L’affirmation d’Israël d’être une démocratie est fondée sur beaucoup de conceptions erronées. La falsification la plus évidente est l’idée qu’il y a un « Israël démocratique » qui existe à côté des territoires temporairement occupés, la Cisjordanie et Gaza. En fait Israël mène un nettoyage ethnique agressif dans tous les territoires occupés et les colons sont la force la plus puissante dans la vie politique israélienne. La falsification complémentaire c’est l’idée que les Palestiniens des territoires occupés par Israël depuis 1948 sont des citoyens jouissant de droits civils entiers, même si les droits nationaux leur sont refusés. A chaque fois que ces Palestiniens, qui sont officiellement citoyens, s’organisent pour protester contre les discriminations qu’ils subissent, l’état révèle sa véritable nature dictatoriale en tant que puissance occupante.
L’une des mesures les plus extrêmes de l’oppression militaire est la détention administrative. En application des « lois d’urgence » d’Israël — et voyez-vous l’urgence en Israël dure depuis ces 73 dernières années depuis sa création — les autorités militaires peuvent ordonner la détention de n’importe quelle personne sans inculpation pour une durée allant jusqu’à 6 mois, renouvelable un nombre illimité de fois. La détention administrative est couramment utilisée à l’encontre des Palestiniens dans les territoires occupés par Israël depuis 1967, mais il y a aussi une longue histoire de son application de la même façon aux Palestiniens citoyens d’Israël. Des lois de ce type ont été utilisées pour écraser le mouvement « al-Ard » (la Terre) – le premier mouvement politique palestinien qui a essayé dans les années cinquante et soixante de se structurer dans la « Palestine de 1948 ». En 1988, à l’apogée de la première intifada, quelque 10 membres dirigeant de « Abna al-Balad », un mouvement populaire de gauche, furent placés en détention administrative.

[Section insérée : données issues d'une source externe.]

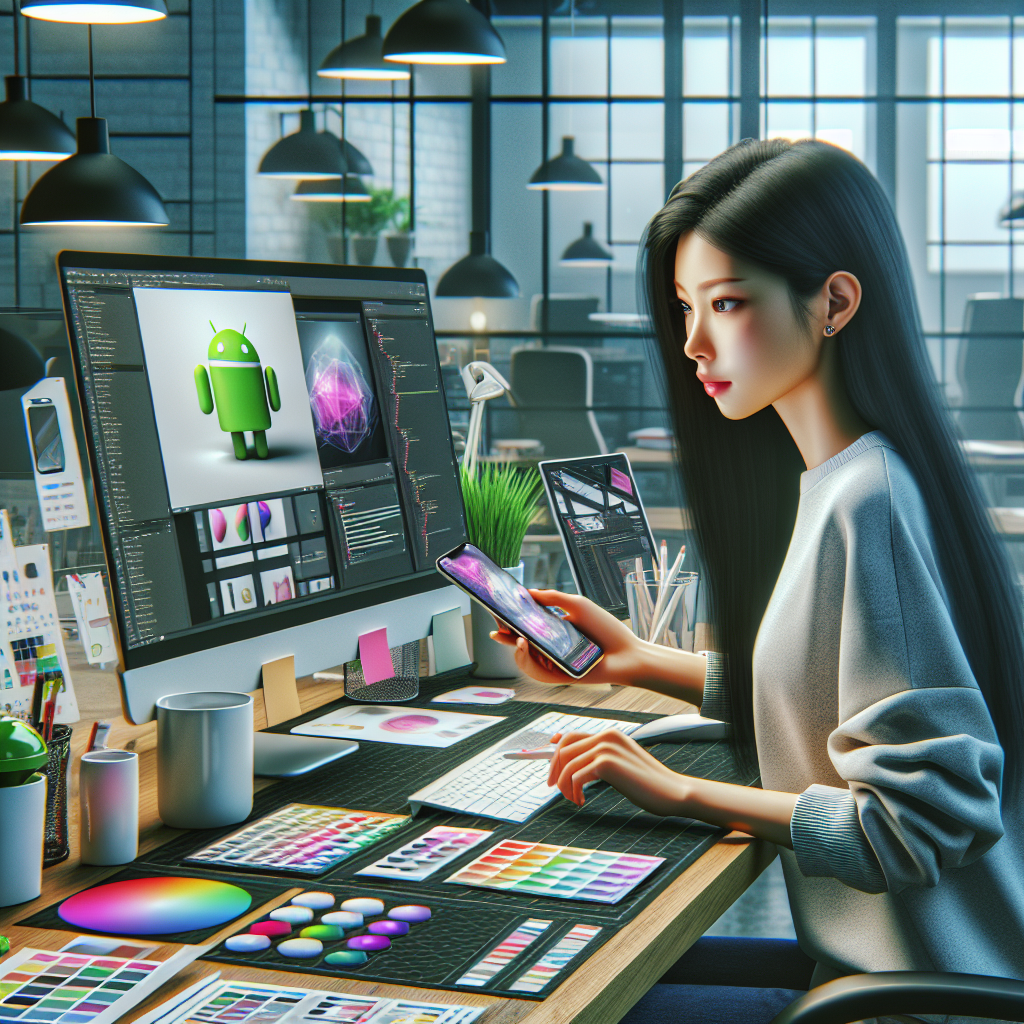 A designer working on Android app design at a modern workspace.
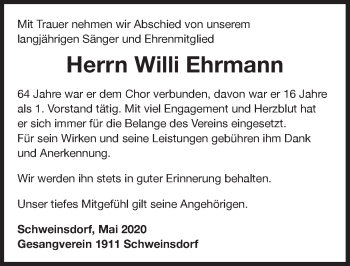 Traueranzeige von Willi Ehrmann von Rothenburg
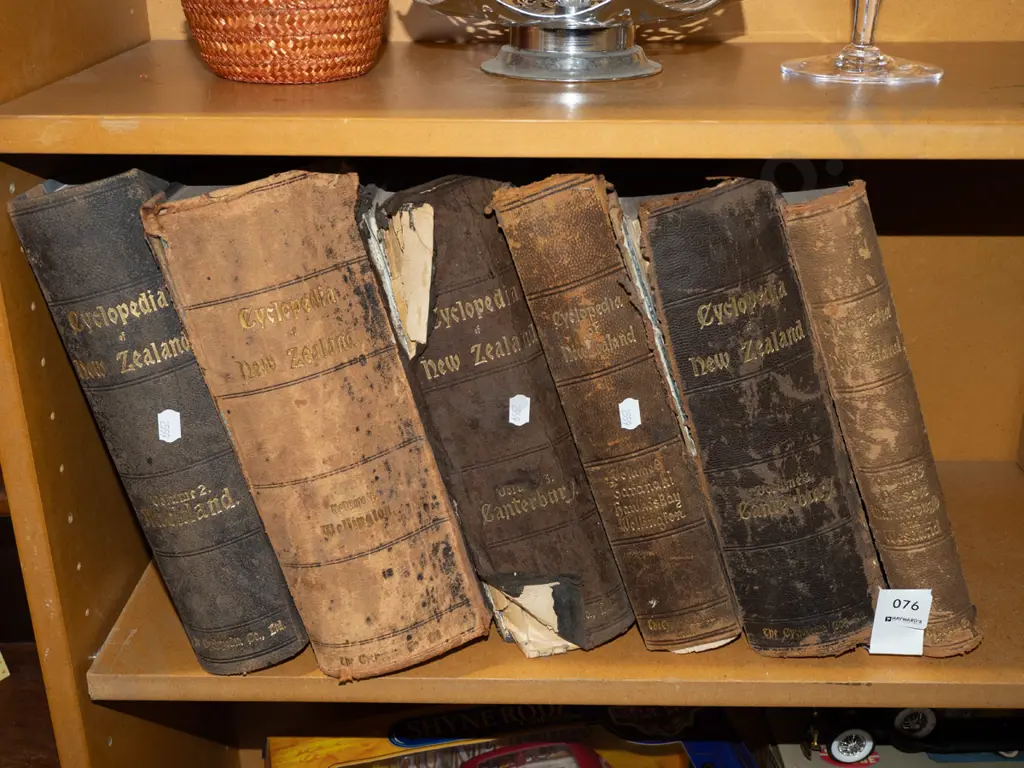 vintage leather bound The Cyclopedia of NZ - significant damage Image 1++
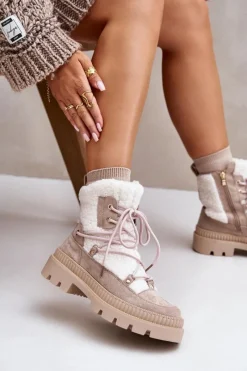 Best Boto Botki Z Futerkiem Typu Baranek Beżowe Merilana Beżowy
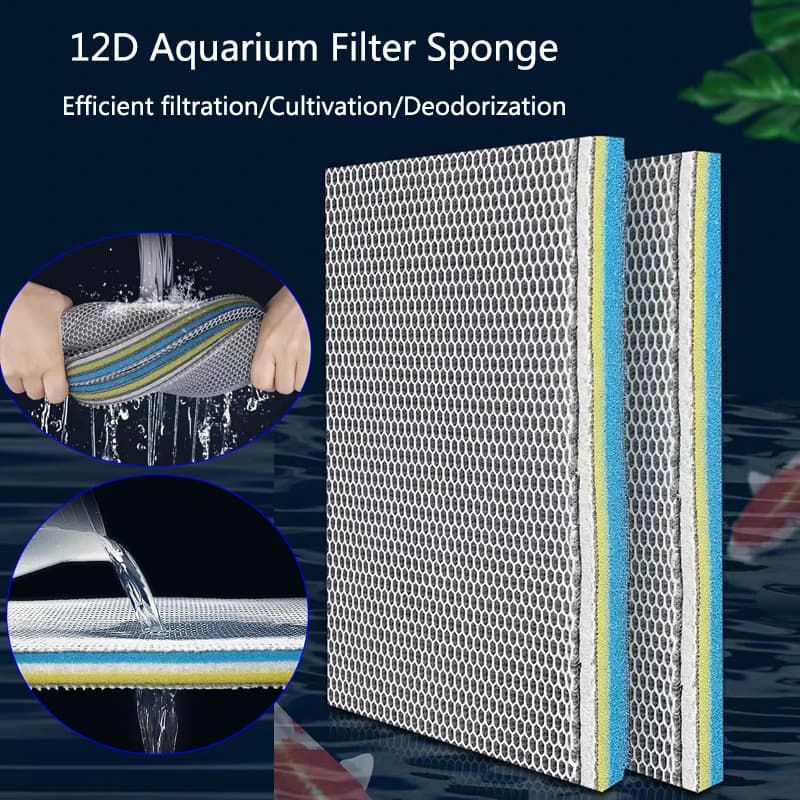 9 couches Aquarium Aquarium filtre éponge sans colle mousse biochimique coton Aquarium Filtration ac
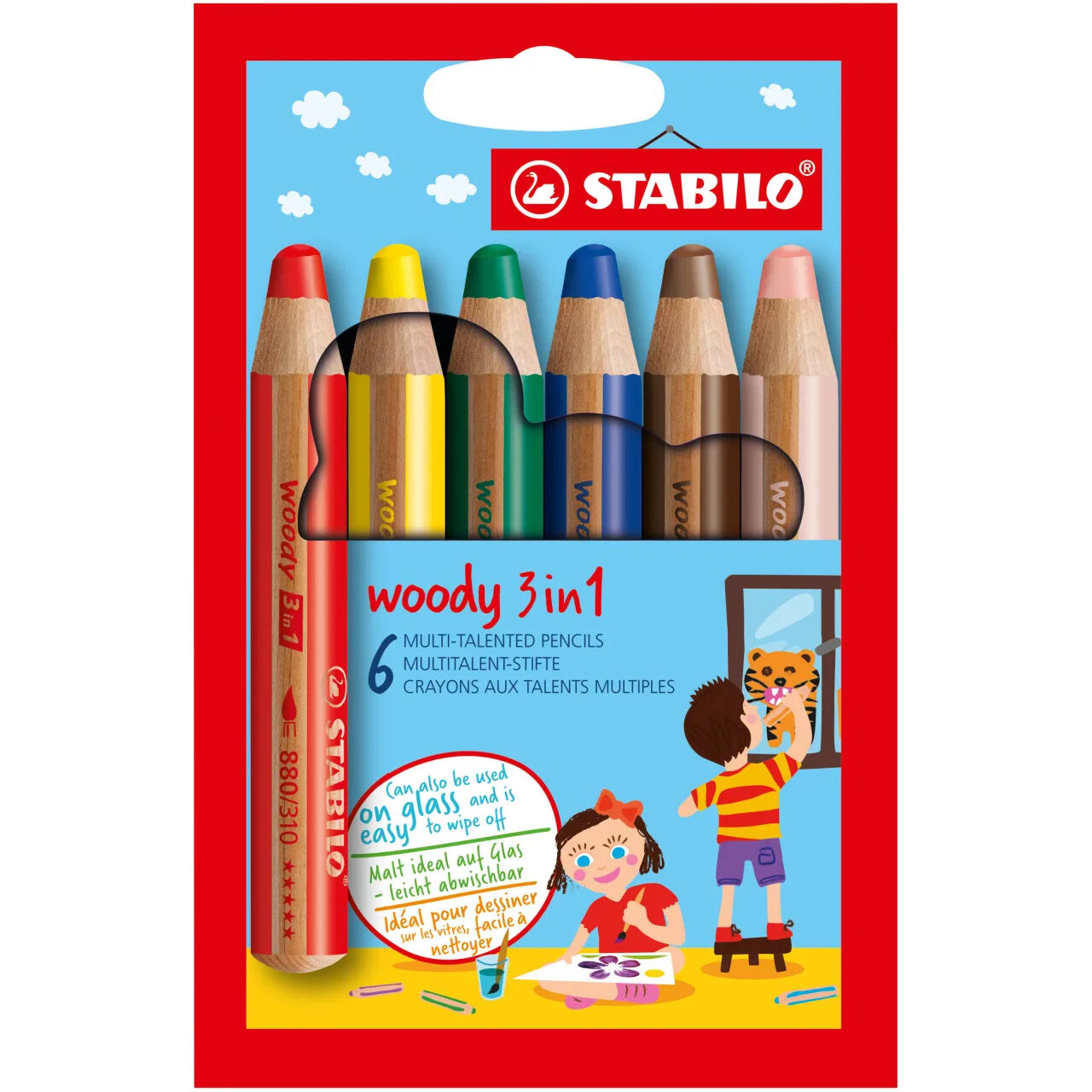 STABILO woody 3 in 1: Buntstift / Wasserfarbe / Wachsmalstift, 6er Etui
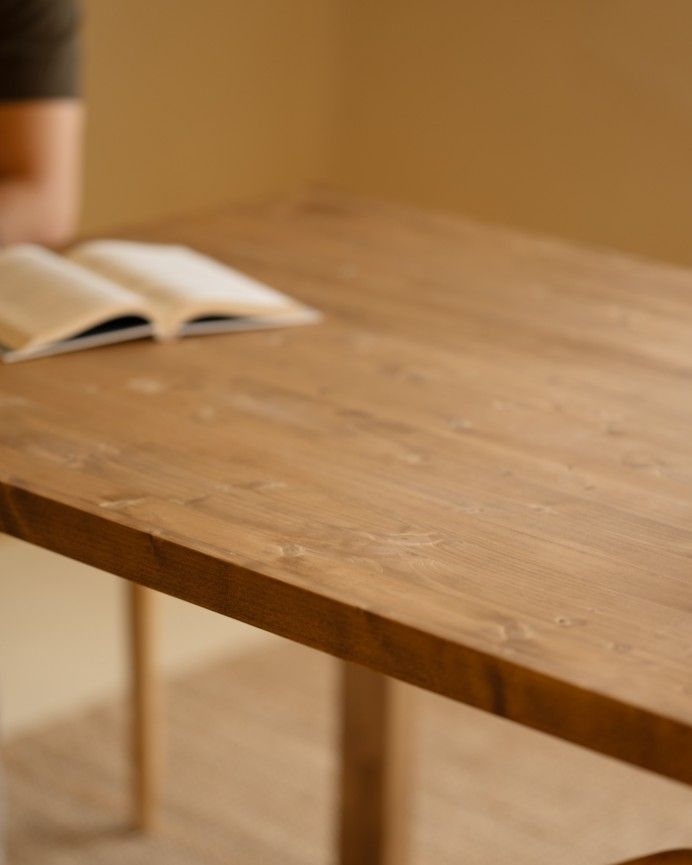 Luxor - Mesa de comedor de madera maciza tono roble oscuro de varias medidas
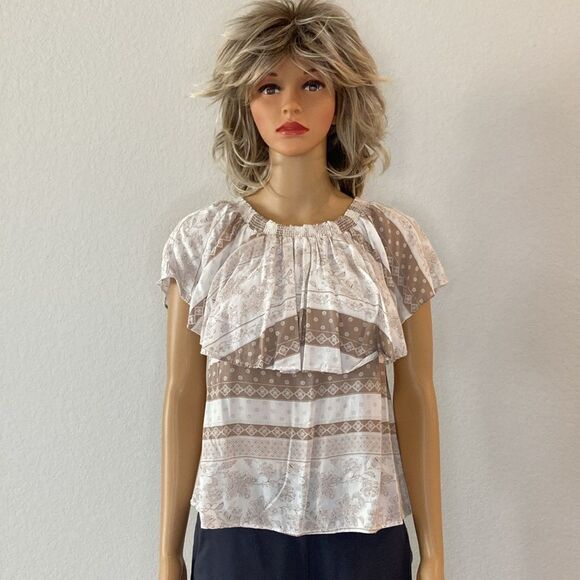 Show Me Your Mumu Off Shoulder Bungalow Top Boho Festival Blouse Peasant Ruffle - Picture 6 of 12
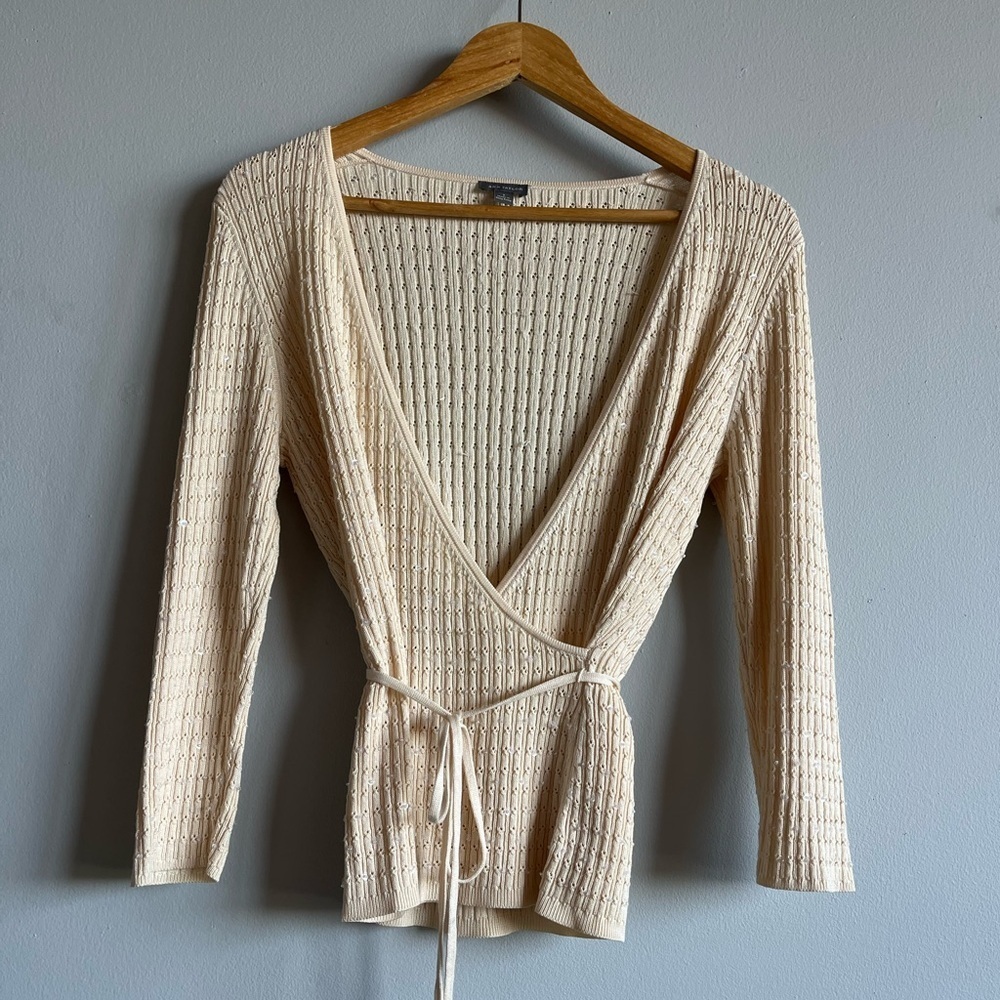 Vintage fully beaded wrap cardigan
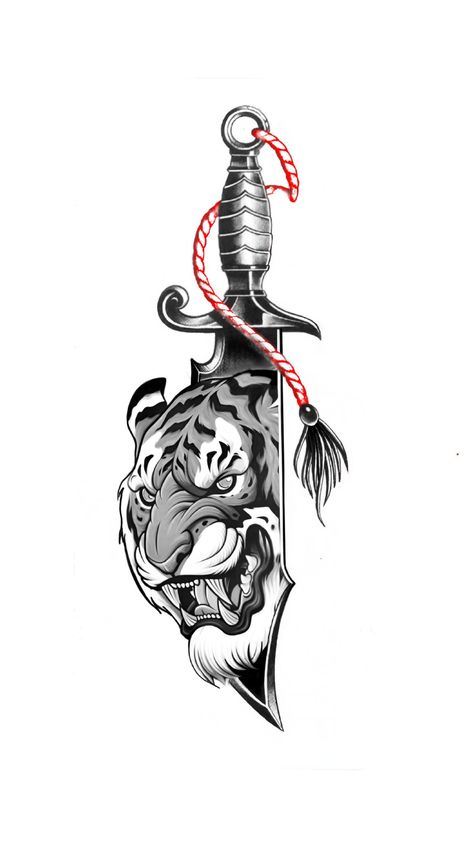 Knife tiger calfs tattoo design Japanese Background Tattoo Design, Knife Tattoo Design, Japanese Demon Tattoo, Tiger Head Tattoo, Tattoo Samples, Around Arm Tattoo, Half Sleeve Tattoos, All Black Tattoos, Gorilla Tattoo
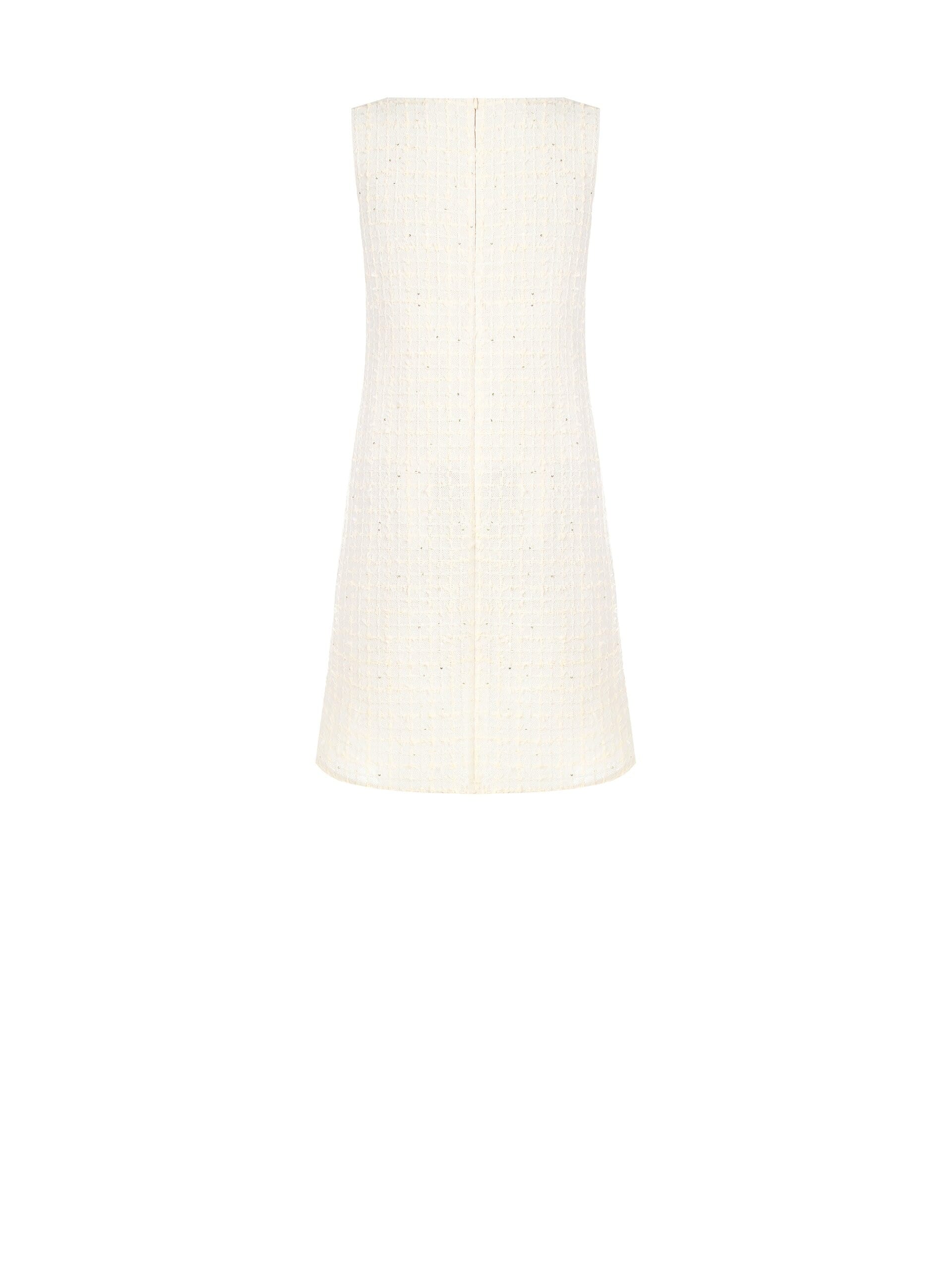 Short Tweed A-line Dress With Drop Cut-Out And Bowknot Rinascimento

Maintenant, à la suite du dernier soulèvement populaire en solidarité avec Cheikh Jarrah, contre le bombardement de Gaza et contre les agressions fascistes visant les habitants palestiniens des villes à population mixte, elle est à nouveau utilisée. En plus des arrestations de masse et des violentes attaques perpétrées par la police et les gardes-frontières à l’encontre de la population dans son ensemble, Israël recourt à nouveau à la détention administrative de Palestiniens qui sont officiellement reconnus comme citoyens.
Le vendredi 4 juin, à Umm al-Fahm, dans le cadre de la campagne d’arrestations de masse, la police a arrêté Zafer Jabareen. Un jour après son arrestation Jabareen a été amené devant le tribunal avec les autres personnes arrêtées et il a été mis en détention provisoire pendant 3 jours supplémentaires selon des allégations qu’il devait être interrogé pour avoir participé à des troubles de l’ordre public. Il a été mis en détention à la Shabak (les services secrets de sécurité) – mais n’a pas été vraiment interrogé. Le mardi 8 juin, au lieu de libérer Jabareen ou de l’amener à une autre audience de renvoi, on l’a informé que le ministre de la Défense d’Israël, Benny Gantz, avait signé à son encontre un ordre de détention administrative d’une durée de quatre mois. Le lendemain il a été amené devant le Juge Ron Shapira, chef du tribunal de district de Haïfa pour le « contrôle judiciaire » de sa détention.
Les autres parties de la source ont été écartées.